Leave the pictures out, and transcribe the material below exactly from the line with "2 Packs 21IN" to the line with "Valentino White Boat Shoes", both lines included.

□ □ □

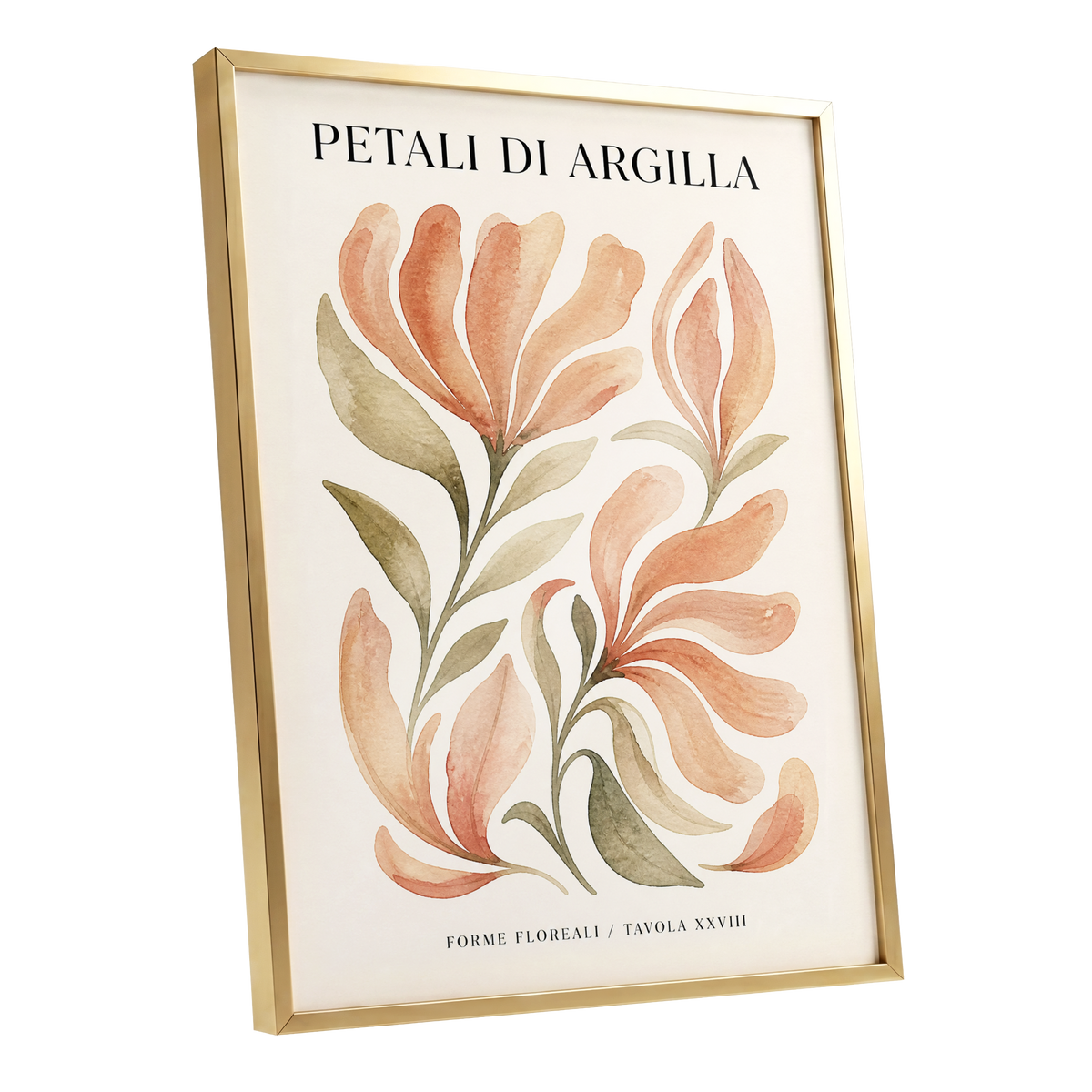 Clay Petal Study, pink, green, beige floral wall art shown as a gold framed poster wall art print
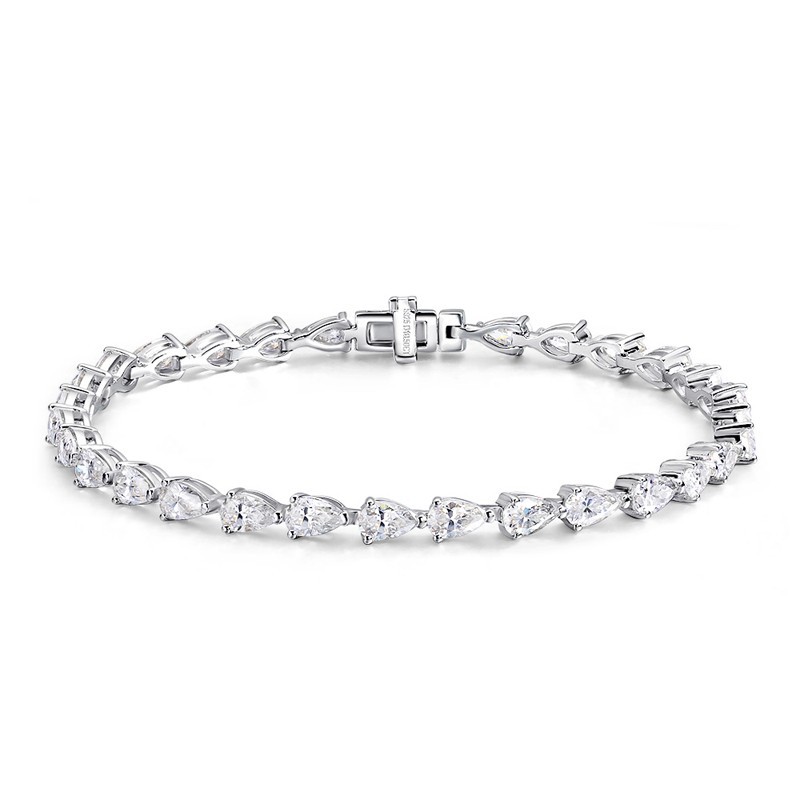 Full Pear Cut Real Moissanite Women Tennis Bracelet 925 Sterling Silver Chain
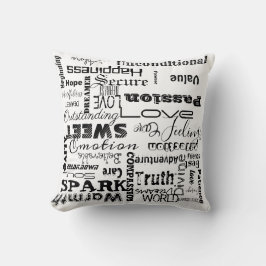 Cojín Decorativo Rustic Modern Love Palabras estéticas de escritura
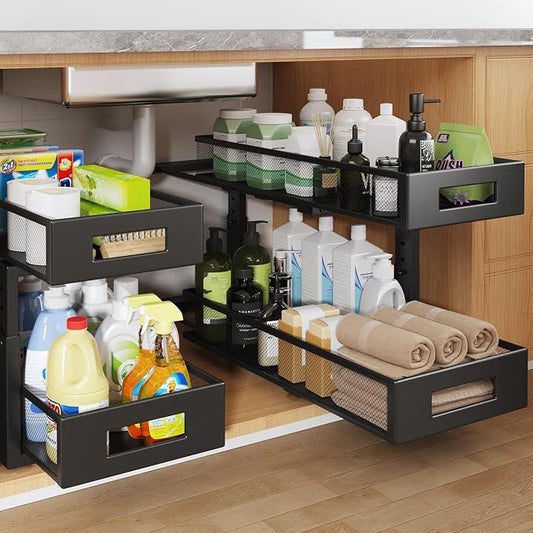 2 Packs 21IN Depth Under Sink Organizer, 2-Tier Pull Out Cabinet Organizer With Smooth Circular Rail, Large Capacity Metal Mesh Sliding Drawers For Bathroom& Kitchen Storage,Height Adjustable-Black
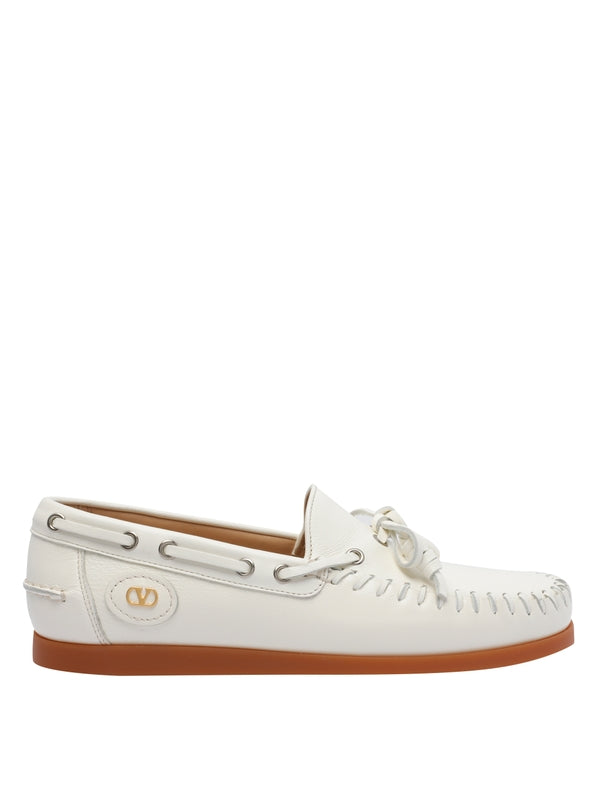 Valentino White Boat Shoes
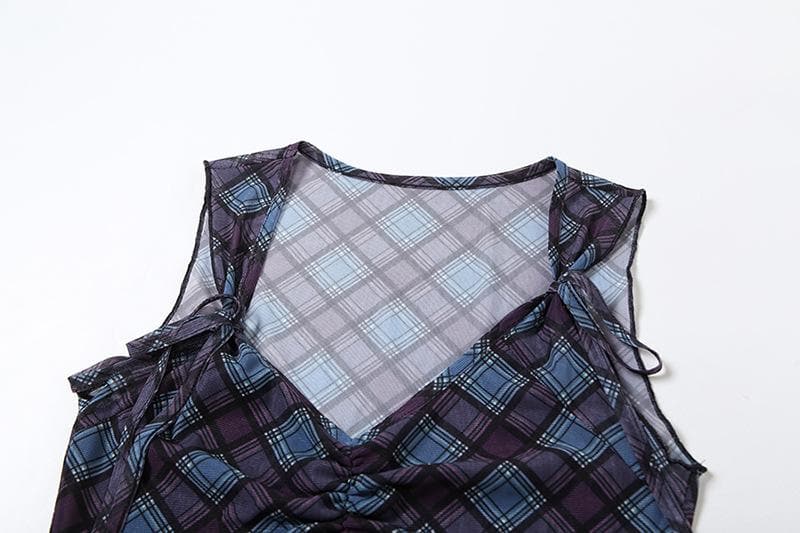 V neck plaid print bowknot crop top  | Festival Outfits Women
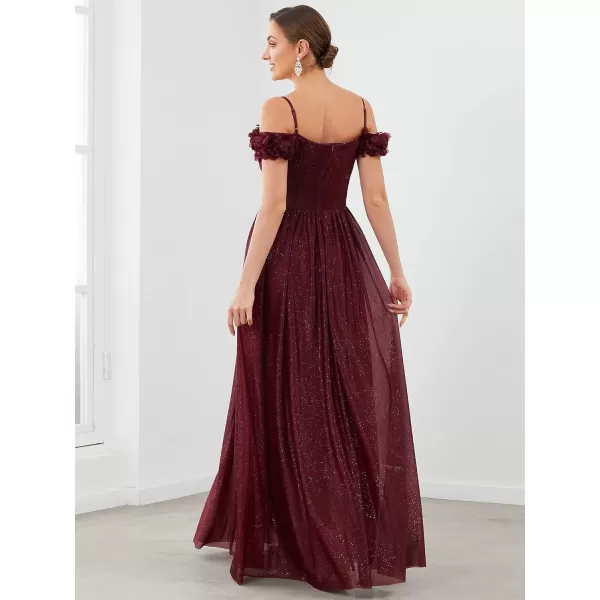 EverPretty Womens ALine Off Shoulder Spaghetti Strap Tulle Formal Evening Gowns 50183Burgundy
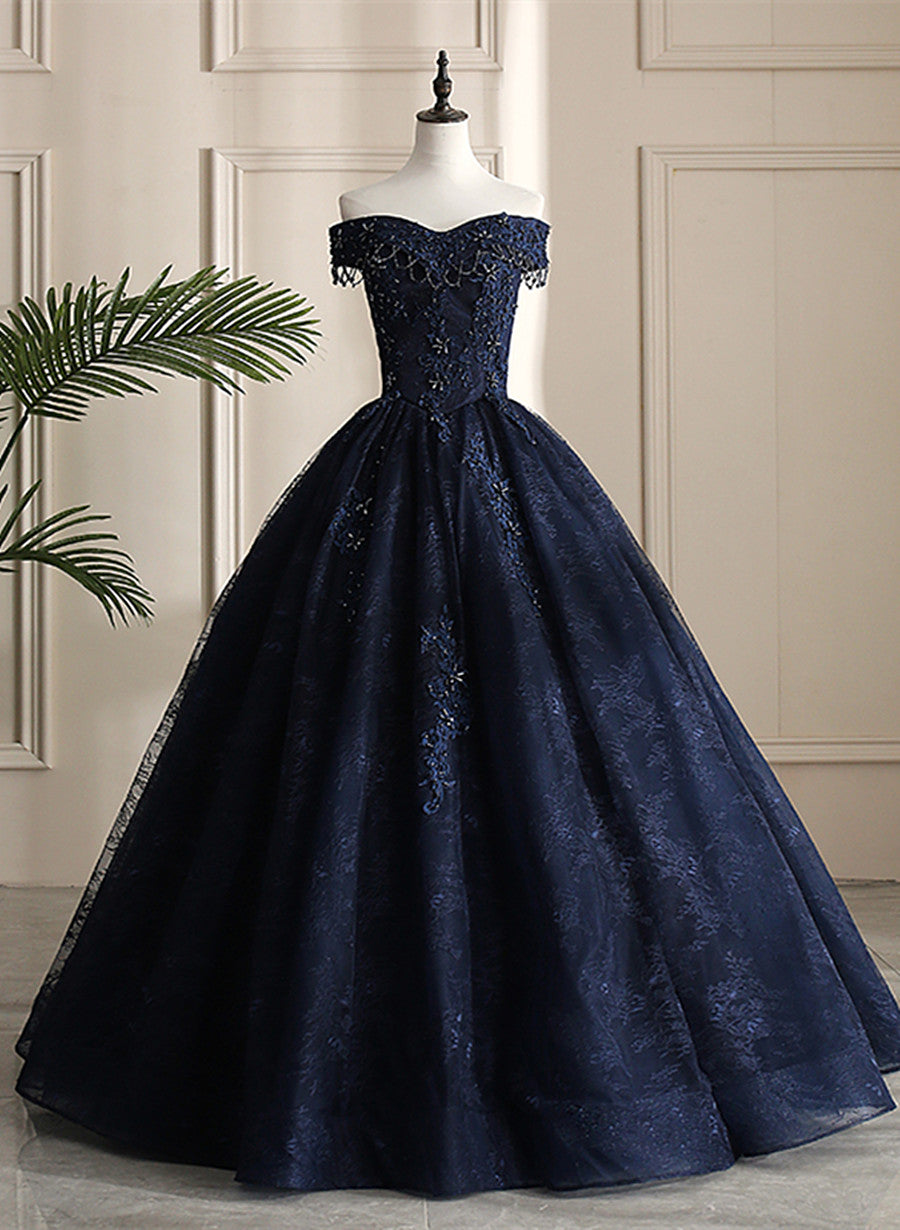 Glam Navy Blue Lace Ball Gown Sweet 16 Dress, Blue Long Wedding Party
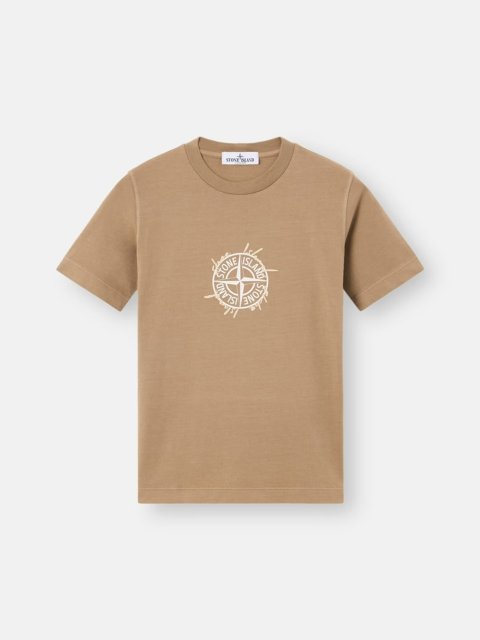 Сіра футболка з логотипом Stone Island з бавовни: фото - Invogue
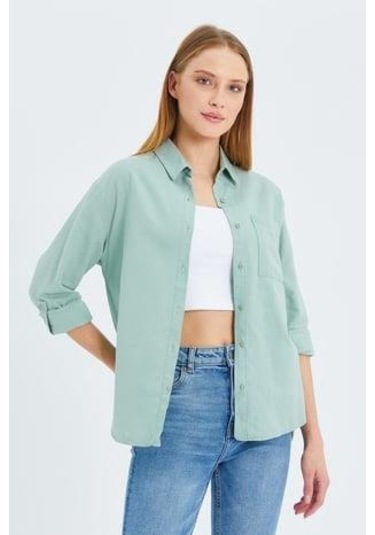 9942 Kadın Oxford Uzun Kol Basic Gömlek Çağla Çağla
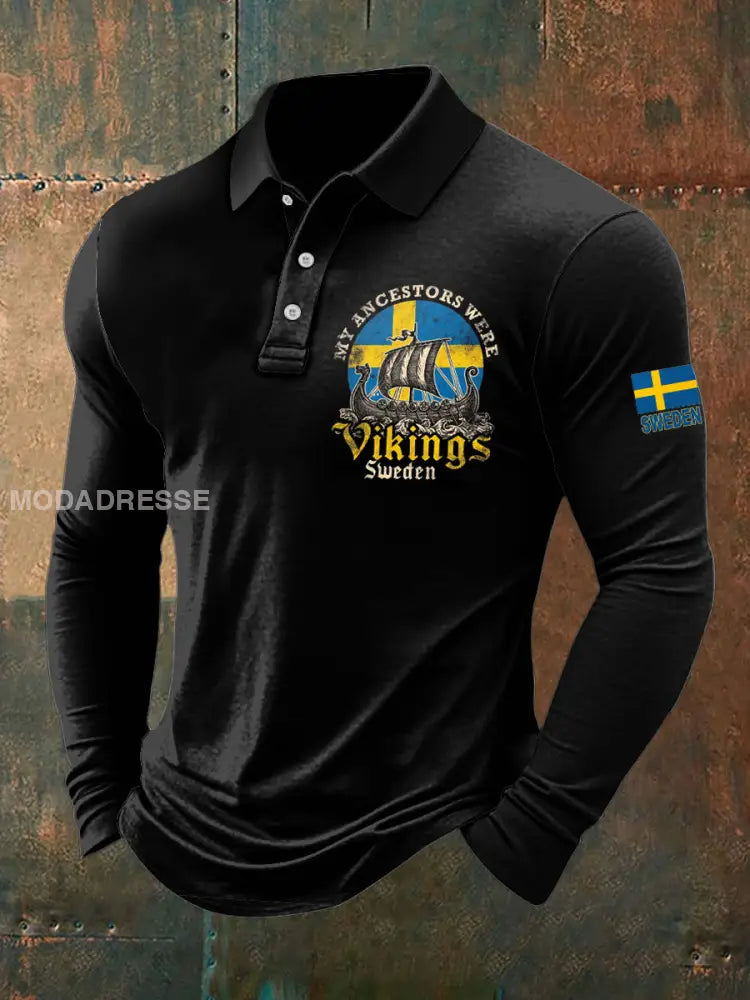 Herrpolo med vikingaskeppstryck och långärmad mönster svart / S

□ □ □

▶ _Exercise answer_
 2 Packs 21IN Depth Under Sink Organizer, 2-Tier Pull Out Cabinet Organizer With Smooth Circular Rail, Large Capacity Metal Mesh Sliding Drawers For Bathroom& Kitchen Storage,Height Adjustable-Black
 Valentino White Boat Shoes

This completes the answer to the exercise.